The European Union, US and Australian sanctions on Russia appear to have failed to fully serve the purpose for which they were deployed. Moscow’s economy has surprisingly resisted and this Friday, April 14, positive data arrived in the energy area, which confirmed the good Russian performance despite the consequences of the war.
In March, Russia reached its highest level of oil exports in three years, when its total shipments increased by 600,000 barrels per day (bpd) to 8.1 million bpd, the highest data since April 2020, according to the monthly report of the International Energy Agency (IEA).
Despite this optimistic data for Moscow and that oil revenues showed a recovery of 1,000 million dollars for a total of 12.7 million dollars, the country is still 43% below when compared to data from a year ago.
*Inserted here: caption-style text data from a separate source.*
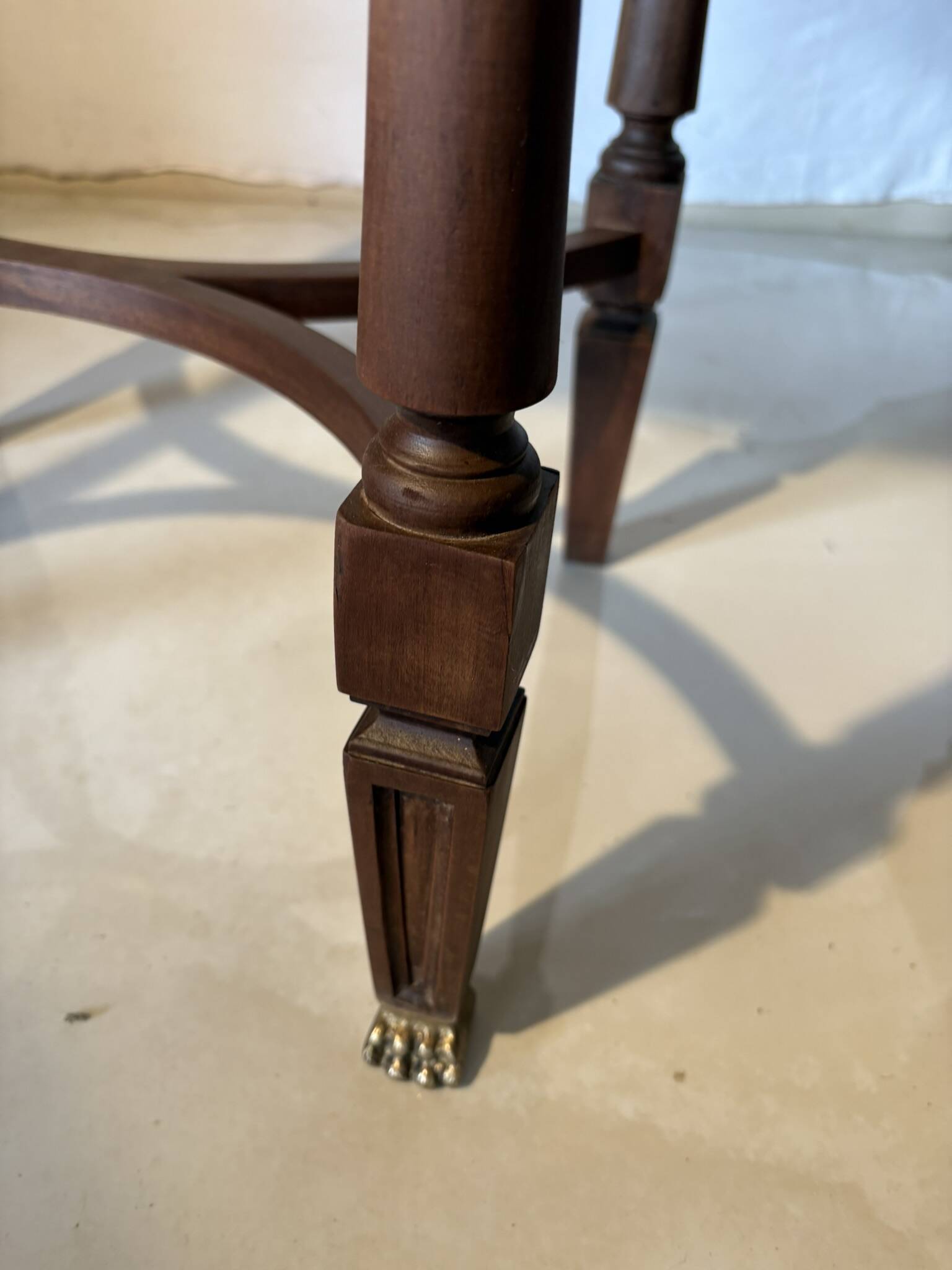 Pair of Louis XVI style bedside tables – gilt bronze details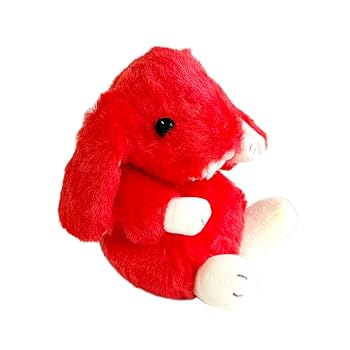 【中古】【未当て嵌める】ぬいぐるみ ロップイヤー S 赤いこと 赤 うさぎ 家兎 高さ約12糎 はやりっ子チャイルド 日本製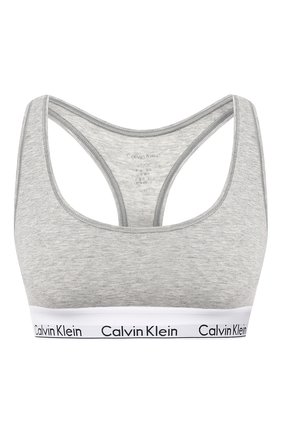 Женский бюстгальтер с логотипом бренда CALVIN KLEIN серого цвета по цене 4485 руб., арт. F3785E | Фото 1 Женский бюстгальтер с логотипом бренда CALVIN KLEIN серого цвета, арт. F3785E | Фото 1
Exports of petroleum products, destined for the European Union (EU), nearly doubled between February and March to 300,000 bop, but were down 1.5 million compared to prewar season levels .
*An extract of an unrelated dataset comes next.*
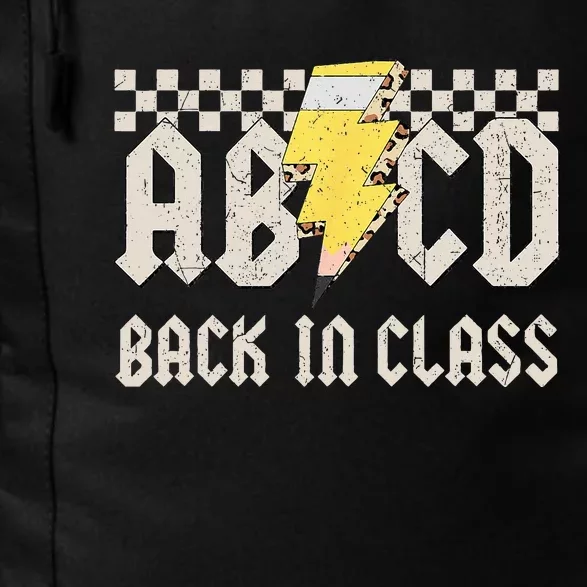 Teachers Rock Back to School ABCD Back in Class Daily Commute Backpack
It must be remembered that the EU deployed an embargo on oil deliveries that were transported from Russia by sea in December 2022, as well as a price cap per barrel for exports from around the world that was set at $60 per barrel. , a decision that was agreed with the group of the G7 plus Australia.
Some time later, in February, the bloc of 27 added a ban on Russian oil items and agreed with the G7 countries (Germany, France, the United States, Canada, Italy, Japan and the United Kingdom), a maximum price of $100. per barrel for more expensive fuels like diesel and $45 for lower quality products like fuel oil.
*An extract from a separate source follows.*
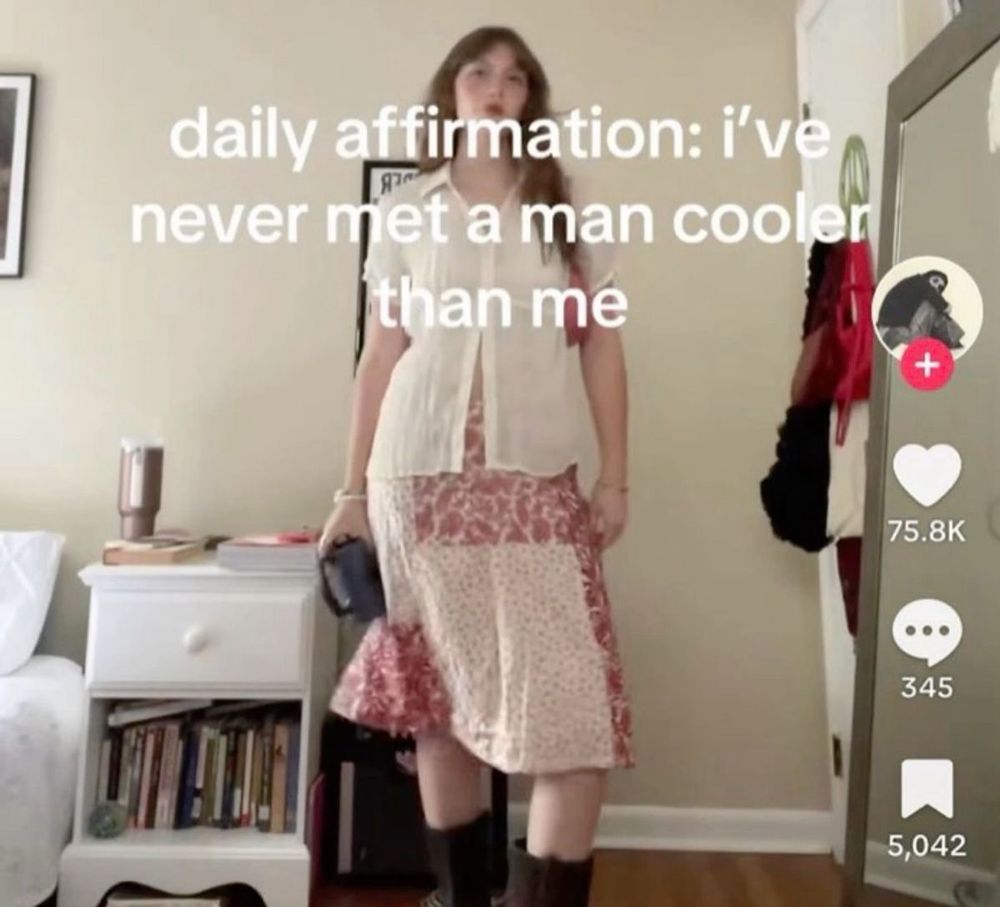 daily affirmation: ive never met a man cooler than me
Positive forecasts for Russia
He Tuesday On March 1, the International Monetary Fund modified its growth forecasts for the nation of Vladimir Putin, assuring that the country will grow this year by 0.7%, four tenths more than its previous forecast of January.
According to the agency, Russia’s growth in 2023 is the result of a significant remnant of activity in 2022, the year in which very strong fiscal measures have been taken and in which much of the fiscal spending was related to military spending..
However, the Fund assured that the country could experience a much larger budget deficit and a smaller surplus this year.
In the same optimistic line, this same Friday, the Russian Ministry of Economy improved its forecast for growth of the Gross Domestic Product (GDP) for 2023 to a growth of 1.2% from the contraction of 0.8%.